ABOUT THIS TASK:
Everything from the line containing "Crawford Pillowback Comfort Swivel Glider" through the last line of the data below is to be retyped exactly, apart from the pictures.
DATA SUPPLIED Start Marker
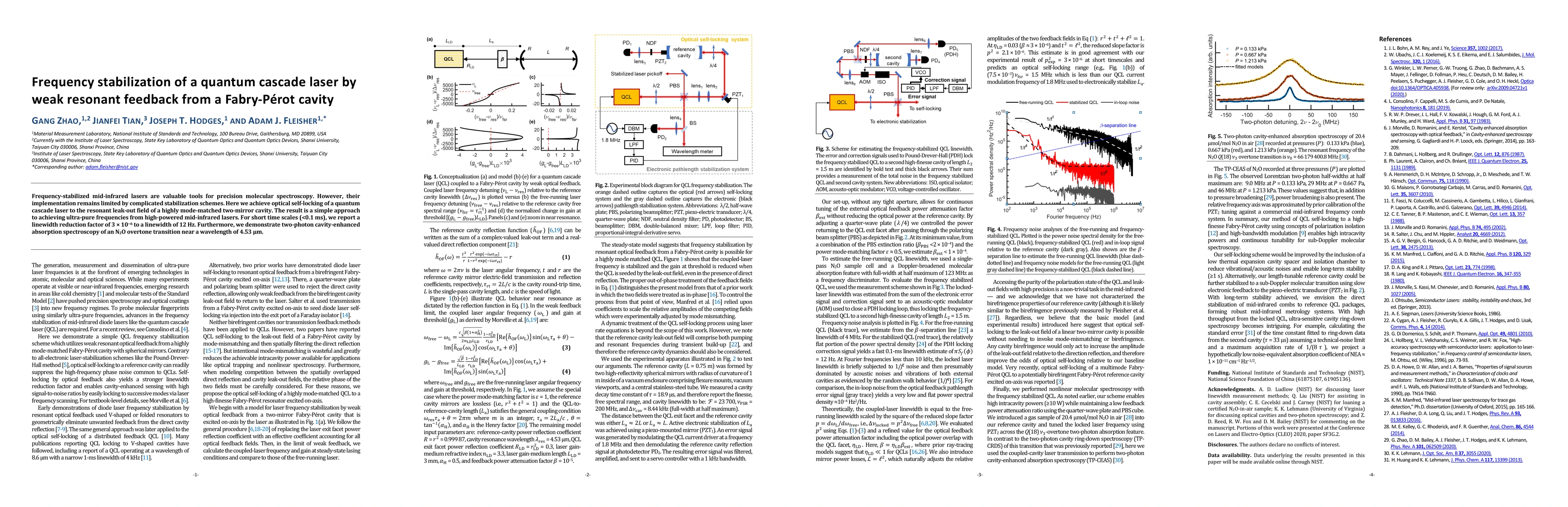 Thumbnail for Frequency stabilization of a quantum cascade laser by weak resonant
  feedback from a Fabry-P\'{e}rot cavity
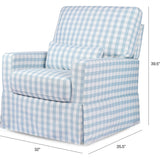 Crawford Pillowback Comfort Swivel Glider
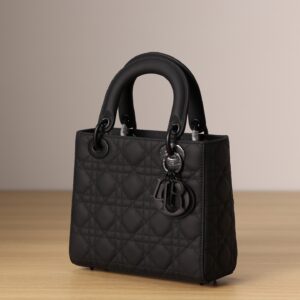 Dior Lady Matte Women’s Black Handbag 20cm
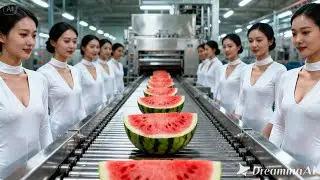 From Harvest to Truck: Watermelon Processing Line | Industrial Documentary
DATA SUPPLIED End Marker
ANSWER SPACE:
 Crawford Pillowback Comfort Swivel Glider
 Dior Lady Matte Women’s Black Handbag 20cm
 From Harvest to Truck: Watermelon Processing Line | Industrial Documentary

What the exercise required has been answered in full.